Nightly News | July 05, 2012
>>> finally tonight, proof that girl power works. a teenage girl found it distressing that the girls in her ballet class repeatedly complained they were too fat when they were anything but. that eighth grader was inspired to take action and that included going up against a popular magazine she thought might be part of the problem. nbc's mara schiavocampo has our report.
>> reporter: in pitfield, maine 14-year-old julia bloom isn't afraid to step up or to speak out.
>> after i retire from ballet i definitely want to do activist work.

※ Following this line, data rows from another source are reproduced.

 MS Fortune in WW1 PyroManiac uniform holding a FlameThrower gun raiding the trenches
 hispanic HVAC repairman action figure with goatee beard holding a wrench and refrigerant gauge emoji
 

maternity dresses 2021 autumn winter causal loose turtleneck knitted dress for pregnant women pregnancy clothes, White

>> reporter: this spring julia started asking her middle school friends what they thought of the glossy, ultra perfect images in teen magazines like "17." she found that many girls were turned off by pictures that were photo shopped and air brushed.

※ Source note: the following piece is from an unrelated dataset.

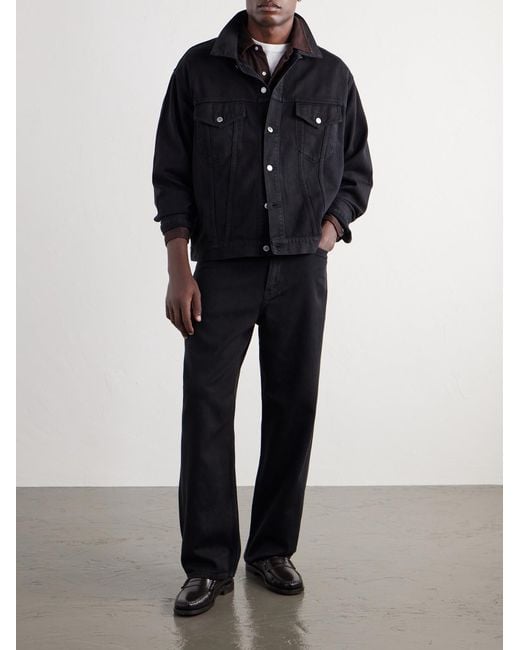 A.PRESSE Black Straight-leg Cotton And Silk-blend Piqué Trousers for men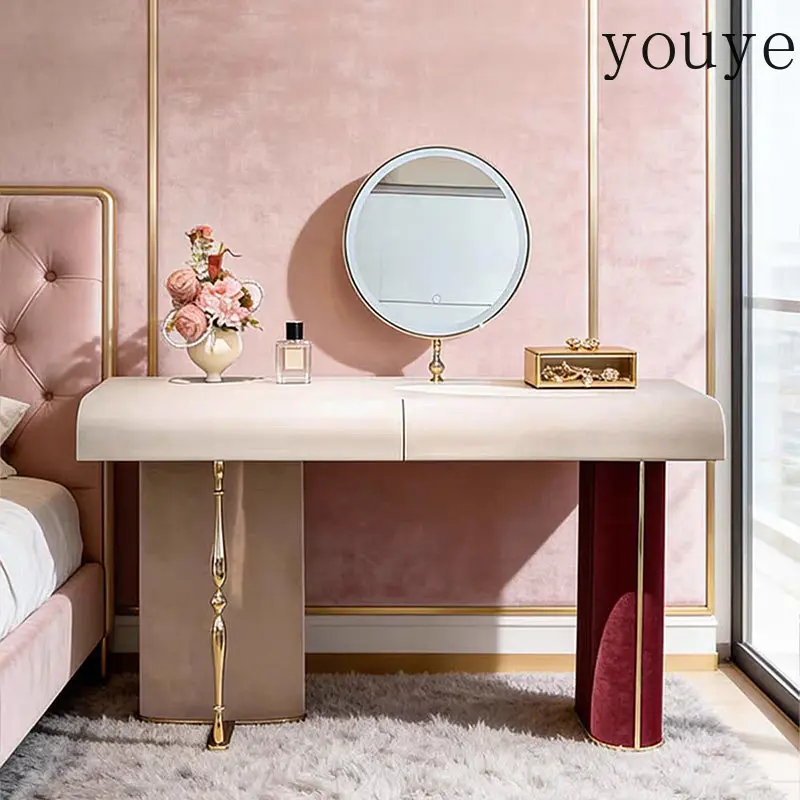 Luxury Italian minimalist dresser villa home master bedroom velvet mirror makeup table large capacity storage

>> these pictures make me feel really bad about myself.
>> reporter: so julia decided to fight back.
>> why don't you back off?
>> reporter: she started a video blog and online petition asking "17" magazine to include at least one unaltered photo spread each month, writing, i want to see regular girls that look like me.
>> it shows girls that there are more than one types of beauty.
>> reporter: critics say twle comes to being bombarded with glamorous photos in magazines and ads teenagers are especially vulnerable.
>> they compare themselves to the images they see when they're forming their self-esteem and sense of who they'll be in the world, and it gives them an unrealistic image to live up to.
>> reporter: julia 's crusade struck a nerve with supporters posting their own videos online .
>> it's wrong on so many levels.
>> reporter: and flocking to the petition. 84,000 signatures in all. this month the magazine announced a body image peace treaty . reaffirming its commitment to never change girls' body or face shapes but saying the magazine will continue to retouch minor imperfections like stray hairs and pimples.
>> started as just a petition and i feel like we've grown into a whole movement.
>> reporter: a movement to change what girls see in magazines and in the mirror. mara schiavocampo, nbc news, new york.